Functions for identifying peaks in signals.
"""

import numpy as np

from scipy.signal.wavelets import cwt, ricker
from scipy.stats import scoreatpercentile


def _boolrelextrema(data, comparator,
                  axis=0, order=1, mode='clip'):
    """
    Calculate the relative extrema of `data`.

    Relative extrema are calculated by finding locations where
    comparator(data[n],data[n+1:n+order+1]) = True.

    Parameters
    ----------
    data: ndarray
    comparator: function
        function to use to compare two data points.
        Should take 2 numbers as arguments
    axis: int, optional
        axis over which to select from `data`
    order: int, optional
        How many points on each side to require
        a `comparator`(n,n+x) = True.
    mode: string, optional
        How the edges of the vector are treated.
        'wrap' (wrap around) or 'clip' (treat overflow
        as the same as the last (or first) element).
        Default 'clip'. See numpy.take

    Returns
    -------
    extrema: ndarray
        Indices of the extrema, as boolean array
        of same shape as data. True for an extrema,
        False else.

    See also
    --------
    argrelmax,argrelmin

    Examples
    --------
    >>> testdata = np.array([1,2,3,2,1])
    >>> argrelextrema(testdata, np.greater, axis=0)
    array([False, False,  True, False, False], dtype=bool)
    """

    if((int(order) != order) or (order < 1)):
        raise ValueError('Order must be an int >= 1')
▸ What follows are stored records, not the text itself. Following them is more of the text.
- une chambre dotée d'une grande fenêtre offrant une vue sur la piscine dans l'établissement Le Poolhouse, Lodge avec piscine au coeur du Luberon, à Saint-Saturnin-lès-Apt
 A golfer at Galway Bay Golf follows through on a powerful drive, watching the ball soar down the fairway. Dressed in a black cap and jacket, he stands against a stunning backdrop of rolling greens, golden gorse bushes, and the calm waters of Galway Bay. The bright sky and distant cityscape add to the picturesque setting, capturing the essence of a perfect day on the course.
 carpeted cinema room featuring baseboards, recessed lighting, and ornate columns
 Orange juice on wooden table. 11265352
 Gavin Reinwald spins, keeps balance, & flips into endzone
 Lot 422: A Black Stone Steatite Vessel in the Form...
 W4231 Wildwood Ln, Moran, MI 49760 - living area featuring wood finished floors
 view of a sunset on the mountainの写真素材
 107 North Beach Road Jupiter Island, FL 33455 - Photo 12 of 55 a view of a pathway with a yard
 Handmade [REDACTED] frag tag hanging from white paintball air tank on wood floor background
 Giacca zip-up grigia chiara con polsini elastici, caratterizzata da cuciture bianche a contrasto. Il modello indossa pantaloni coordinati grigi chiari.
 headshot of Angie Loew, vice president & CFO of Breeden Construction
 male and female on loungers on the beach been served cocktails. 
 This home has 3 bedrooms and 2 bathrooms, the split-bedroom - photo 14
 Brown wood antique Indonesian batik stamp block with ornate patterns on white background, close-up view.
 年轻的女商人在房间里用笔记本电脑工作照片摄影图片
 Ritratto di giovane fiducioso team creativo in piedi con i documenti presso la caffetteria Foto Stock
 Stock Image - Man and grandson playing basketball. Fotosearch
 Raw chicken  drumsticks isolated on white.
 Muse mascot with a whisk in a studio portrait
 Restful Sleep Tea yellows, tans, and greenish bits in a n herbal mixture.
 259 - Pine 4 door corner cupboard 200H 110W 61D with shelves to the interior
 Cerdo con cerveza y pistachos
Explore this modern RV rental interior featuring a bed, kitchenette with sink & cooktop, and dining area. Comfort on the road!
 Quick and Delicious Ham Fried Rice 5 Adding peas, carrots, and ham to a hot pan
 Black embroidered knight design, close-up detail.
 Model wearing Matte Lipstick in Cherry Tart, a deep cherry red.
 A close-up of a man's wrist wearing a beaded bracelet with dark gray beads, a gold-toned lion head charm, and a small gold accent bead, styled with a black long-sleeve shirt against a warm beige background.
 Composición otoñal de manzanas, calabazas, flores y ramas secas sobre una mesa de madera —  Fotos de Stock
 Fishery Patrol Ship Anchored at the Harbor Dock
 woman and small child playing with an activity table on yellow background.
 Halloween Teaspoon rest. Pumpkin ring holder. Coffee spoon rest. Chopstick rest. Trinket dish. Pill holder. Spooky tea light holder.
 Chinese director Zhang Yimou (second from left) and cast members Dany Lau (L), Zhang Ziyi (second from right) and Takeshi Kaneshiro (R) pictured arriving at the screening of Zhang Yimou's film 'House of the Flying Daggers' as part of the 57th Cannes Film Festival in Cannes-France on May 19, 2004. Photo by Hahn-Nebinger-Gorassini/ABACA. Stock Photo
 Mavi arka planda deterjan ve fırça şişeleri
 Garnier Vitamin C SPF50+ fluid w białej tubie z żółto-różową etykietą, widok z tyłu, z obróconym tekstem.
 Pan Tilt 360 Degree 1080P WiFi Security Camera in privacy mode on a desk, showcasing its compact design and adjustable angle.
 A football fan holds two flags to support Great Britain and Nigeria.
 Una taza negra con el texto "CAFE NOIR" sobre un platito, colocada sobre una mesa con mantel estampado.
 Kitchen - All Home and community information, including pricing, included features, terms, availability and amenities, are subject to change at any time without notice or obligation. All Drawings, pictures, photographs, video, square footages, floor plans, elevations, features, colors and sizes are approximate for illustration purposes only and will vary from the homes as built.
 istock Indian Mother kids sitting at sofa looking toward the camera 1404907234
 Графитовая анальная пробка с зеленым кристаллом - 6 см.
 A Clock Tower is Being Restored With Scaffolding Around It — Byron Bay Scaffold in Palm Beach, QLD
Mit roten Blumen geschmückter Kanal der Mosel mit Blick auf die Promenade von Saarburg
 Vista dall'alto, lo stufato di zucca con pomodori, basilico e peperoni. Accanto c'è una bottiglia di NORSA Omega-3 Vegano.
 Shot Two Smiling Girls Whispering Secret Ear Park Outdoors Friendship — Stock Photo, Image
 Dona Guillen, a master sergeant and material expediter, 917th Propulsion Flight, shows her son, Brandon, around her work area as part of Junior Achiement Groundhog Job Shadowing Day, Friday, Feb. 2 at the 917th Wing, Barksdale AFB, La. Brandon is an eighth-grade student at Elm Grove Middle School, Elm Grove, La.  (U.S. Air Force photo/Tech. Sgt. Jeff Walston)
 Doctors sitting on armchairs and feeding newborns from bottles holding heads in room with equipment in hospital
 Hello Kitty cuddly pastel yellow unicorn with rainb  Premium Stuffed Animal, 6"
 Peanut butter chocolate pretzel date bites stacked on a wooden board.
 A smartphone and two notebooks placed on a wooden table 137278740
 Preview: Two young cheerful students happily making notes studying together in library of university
    datalen = data.shape[axis]
    locs = np.arange(0, datalen)

    results = np.ones(data.shape, dtype=bool)
    main = data.take(locs, axis=axis, mode=mode)
    for shift in xrange(1, order + 1):
        plus = data.take(locs + shift, axis=axis, mode=mode)
        minus = data.take(locs - shift, axis=axis, mode=mode)
        results &= comparator(main, plus)
        results &= comparator(main, minus)
        if(~results.any()):
            return results
    return results


def argrelmin(data, axis=0, order=1, mode='clip'):
    """
    Calculate the relative minima of `data`.

    See also
    --------
    argrelextrema,argrelmax
    """
    return argrelextrema(data, np.less, axis, order, mode)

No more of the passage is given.